# NJ Transit humor



## Mystic River Dragon (Jul 17, 2019)

This morning, NJT had placed one of its periodic paper newsletters on the train seats. The main headline was (I am not making this up):

"Four Decades of Service, Customers First"


----------



## Bob Dylan (Jul 17, 2019)

Funny stuff Patty!
Our Jersey and ex-Jerseyite Members ( including ex-Employees) will get the Irony in this, but believe it or not there are other Transportation Agencies that are just as poorly run and Managed that put out similar Propaganda. ( among them in my personal expierence Washington DC's WMATA and Austin's Cap Metro!!)


----------



## Acela150 (Jul 17, 2019)

Mystic River Dragon said:


> This morning, NJT had placed one of its periodic paper newsletters on the train seats. The main headline was (I am not making this up):
> 
> "Four Decades of Service, Customers First"



LMAO!!!!


----------



## me_little_me (Jul 19, 2019)

Mystic River Dragon said:


> This morning, NJT had placed one of its periodic paper newsletters on the train seats. The main headline was (I am not making this up):
> 
> "Four Decades of Service, Customers First"

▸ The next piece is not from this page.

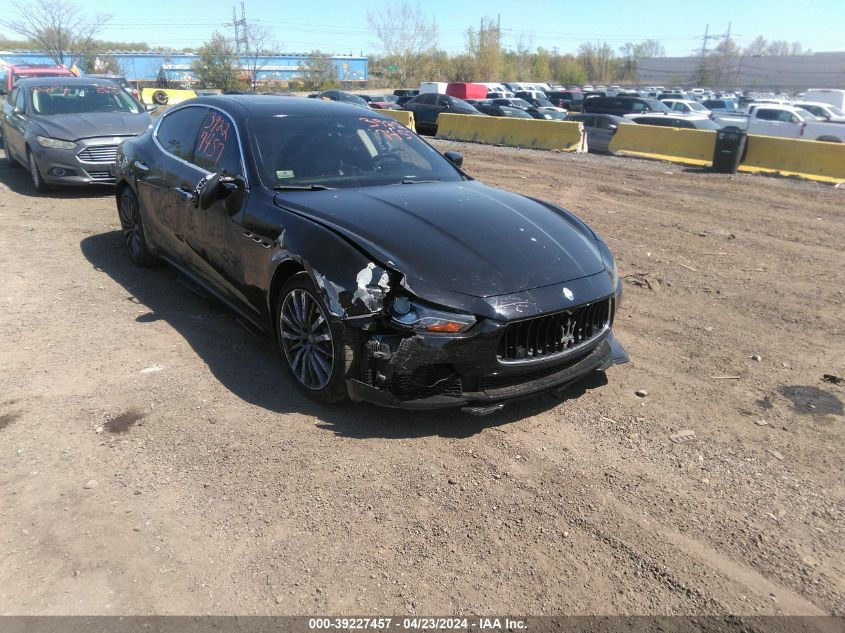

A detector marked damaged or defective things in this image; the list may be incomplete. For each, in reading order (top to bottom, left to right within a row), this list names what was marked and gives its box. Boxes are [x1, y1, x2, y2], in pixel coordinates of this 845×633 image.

damaged black maserati ghibli [113, 92, 628, 410]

Customers first. The train follows. The customers walk faster than the train so it never hits them.


----------



## sttom (Aug 3, 2019)

I thought NJ Transit's slogan was "enjoy the journey, should there be one"? Or did my family back east steer me wrong?


----------



## AutoTrDvr (Aug 3, 2019)

Now, understand they did this on a Wednesday during the summer when schools are out and people are starting to go on vacation. So there probably isn't as much crowding and level of ridership that would raise the "snark" factor.... Had they did this on a Monday after Labor Day when the schools are in session and everyone is back from work.....


----------



## Mystic River Dragon (Aug 8, 2019)

Well, actually, I'm the only person I've ever seen even look at the printed newsletter. Most people sit on it, throw it on the floor, or just ignore it in general. So by the end of the day, it is just a pile of trash on the floor of all the trains, creating an eyesore and a slipping hazard.


----------